In this study, we examine the interface between seed dispersal, seed predation, and herbivory within the phytochemical traits of 12 sympatric species of Piper (Piperaceae). We use comparative metabolomics to explore whether and how differential selective pressures and constraints across reproductive and vegetative tissues have shaped tissue- and species-level diversification and distribution of secondary metabolites. Our specific objectives are to:
A) Describe the occurrence patterns of secondary metabolites across reproductive and vegetative tissues in the focal species. This is done using untargeted LC-MS-MS based metabolomics and molecular networking, along with in-silico fragmentation modeling, machine learning, and distance-based comparisons of tissue- and species-level patterns of metabolite occurrence and structural relationships. As exploratory work, this aims to inform our understanding of the potential functions of particular secondary metabolites or classes of metabolites, based on where they occur in the plant.

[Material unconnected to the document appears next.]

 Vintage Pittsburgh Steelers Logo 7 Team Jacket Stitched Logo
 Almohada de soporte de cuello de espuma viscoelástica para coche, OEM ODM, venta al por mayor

B) Test the hypothesis that animal-dispersed fruit acts as an incubator of phytochemical diversification in plants, owing to the variety of fruit-focused ecological interactions as well as the direct fitness consequences of those interactions. To accomplish this, we compare multiple dimensions of phytochemical diversity across leaves and fruit tissues, both based on secondary metabolite occurrence and on metabolite structural relationships.
Results/Conclusions
A) Among 1312 secondary metabolites found across species and tissue types, 92 were found only in fruit, while 4 were restricted to leaves. Random forest analysis indicated that the secondary metabolites most predictive of tissue type were spread across all major structural classes represented within the study. The high proportion of metabolites shared across fruits and leaves suggests that the defensive functional characteristics most often ascribed to foliar secondary metabolites may also apply in fruit. Meanwhile, the occurrence of fruit-specific metabolites across a range of structural classes suggests that modifications of function are often required to suit the fruit-specific constraints of concurrent defense against antagonists and palatability to mutualists.
B) In their alpha diversity of secondary metabolites, leaves and fruit exhibited a strong interaction (LMM; p < 0.001) between tissue type and species, illustrating the wide variation from species to species in the relative richness of each organ. Meanwhile, fruit exceeded leaves in secondary metabolite beta diversity (βw ; p < 0.001) and in chemical structural dissimilarity (cosθ ; p < 0.001). Our results point to limited physiological or evolutionary constraints on the divergence of secondary metabolomes across plant tissues, along with a peak of chemical diversity in reproductive tissues.